I've noticed for the last dew days that the one of my female Yellow Labs is acting strange. She's been hiding next to the same Lava rock and will only move to get food. Sometimes it almost looks like she is shaking or having body spasms. It's quite strange. Is this normal behavior or do you think she is sick or breeding? We've had her for about a month now and she is about an inch and half long. Please give me your input... Thank you!

:fish:


----------



## DJRansome (Oct 29, 2005)

Are you sure she is not a male? The spasms are spawning (or aggression) behavior. Or possibly she is a holding female being aggressive to anyone coming too close?


----------



## alisonFLgirl (Oct 9, 2011)

Hmmm.... Maybe she is a he. Haha I never thought of that. The local fish store told me that generally the Males are the ones with the black stripe on the top fin.
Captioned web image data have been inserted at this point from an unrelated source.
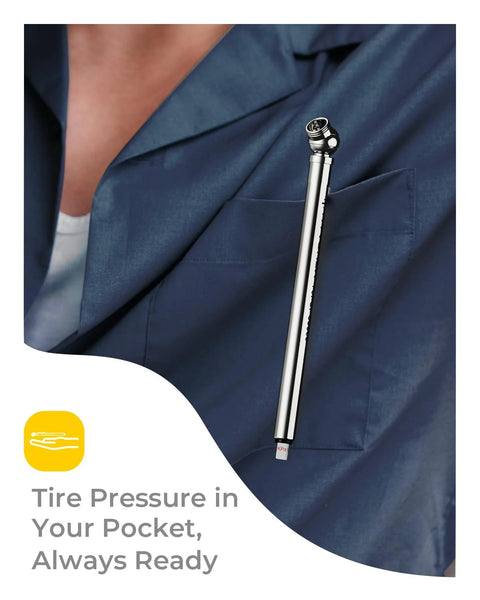 Pencil-style tire pressure gauge with stainless steel body and metal nozzle in shirt pocket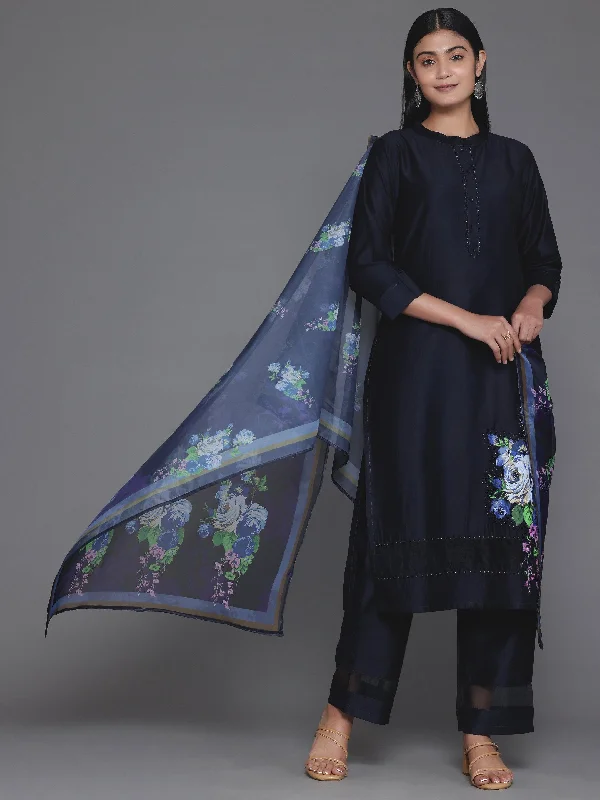 Eye-catching Personality Navy Blue Self Design Silk Blend Straight Suit With Dupatta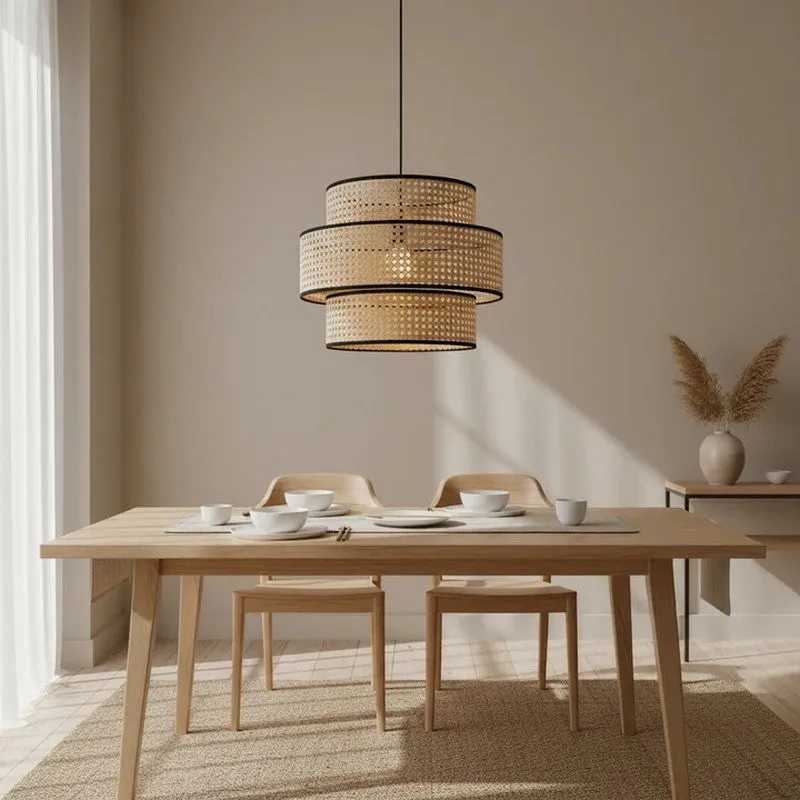 Twin Weave Cane Ceiling Lamp media 3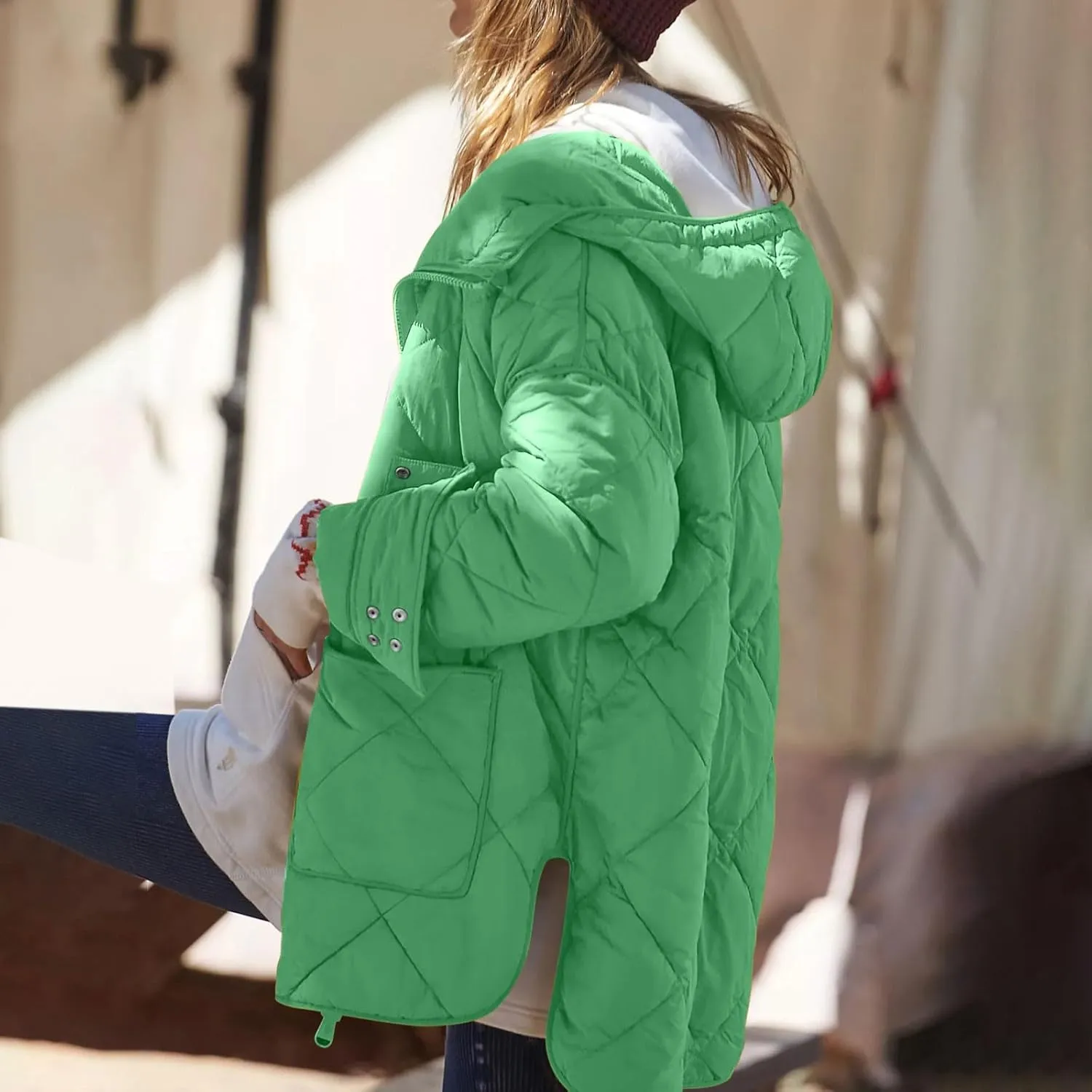 Womens 2024 Winter Thick Solid Zip Up Quilted Puffer Coat with Pocket Long Sleeve Down Coat Casual Warm Slim Overcoat
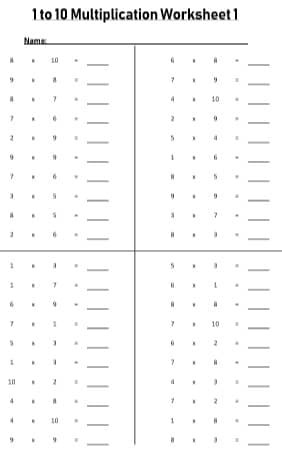 1 to 10 Times Table Worksheets with Answers PDF Printable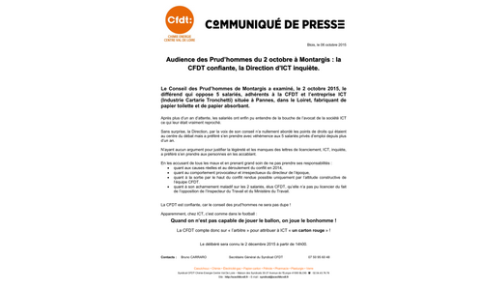 ICT : Audience des Prud'hommes du 2 octobre à Montargis>> la CFDT (...)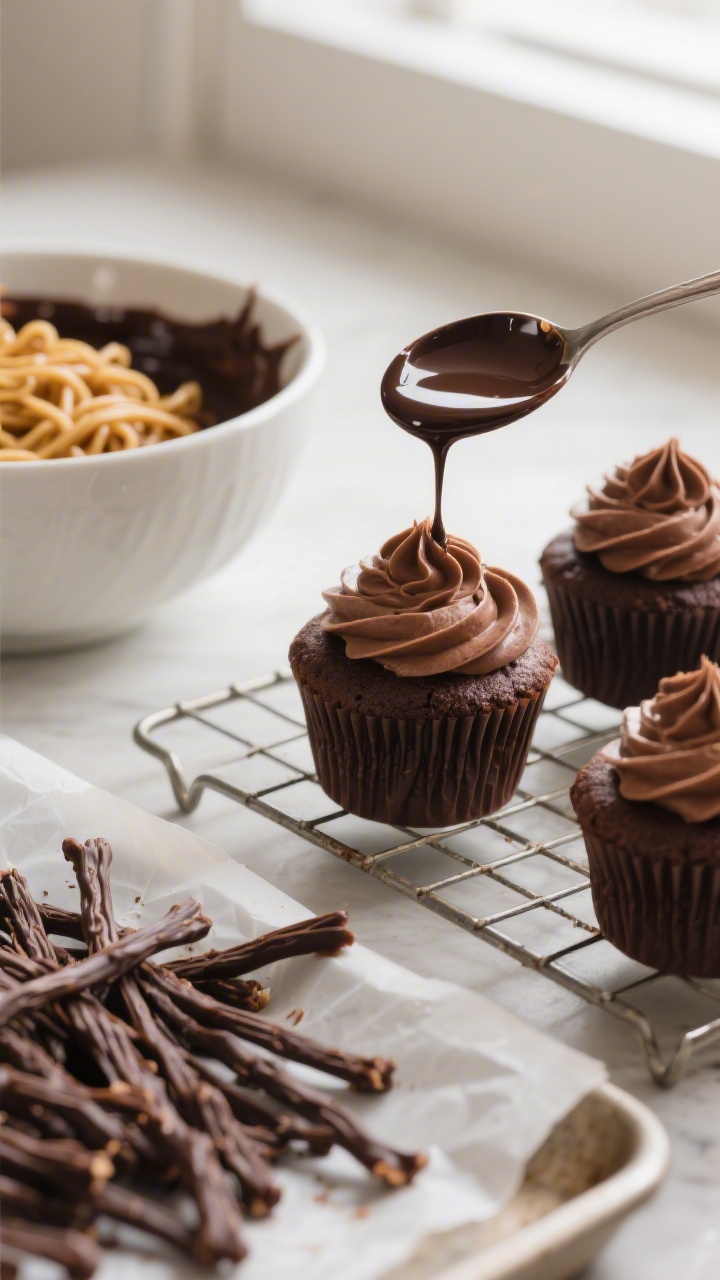 Cooking process close-up: Freshly baked chocolate cupcakes cooling on a wire rack, each topped with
He/she is acting very aggressive towards any fish who comes near the rock he/she is hiding by.


----------



## DJRansome (Oct 29, 2005)

Males and females have black on all their top and bottom fins, especially the dorsal.


----------



## alisonFLgirl (Oct 9, 2011)

Well then the next thing I can think to do is possibly take a video and post it later to see your opinion  Thank you for all your help!


----------



## RifterFish (Feb 5, 2012)

I've had a yellow lab that hid like that. So many times I would think it was dead, but it would move a little when feeding time came. But not enough to come out with the other fish. Every now and then he would go berserk and run up and down the side of the glass over and over. This was when I very first started out and it was the only yellow lab in the tank of many aggressive cichlids. I setup up a new tank for more peaceful cichlids and he never hid again. He was so happy and unafraid, swimming the tank and eating at the top with the others at feeding time. You may want to consider what other fish you have versus the temperament of your yellow lab. Simply getting more labs won't really fix the problem. They will all just hide until the aggression is balanced.


----------



## Asami (Aug 9, 2011)

Sounds like it is trying to lure a female to his "spot" to get busy. Has it started making a nest by moving sand over gravel around?


----------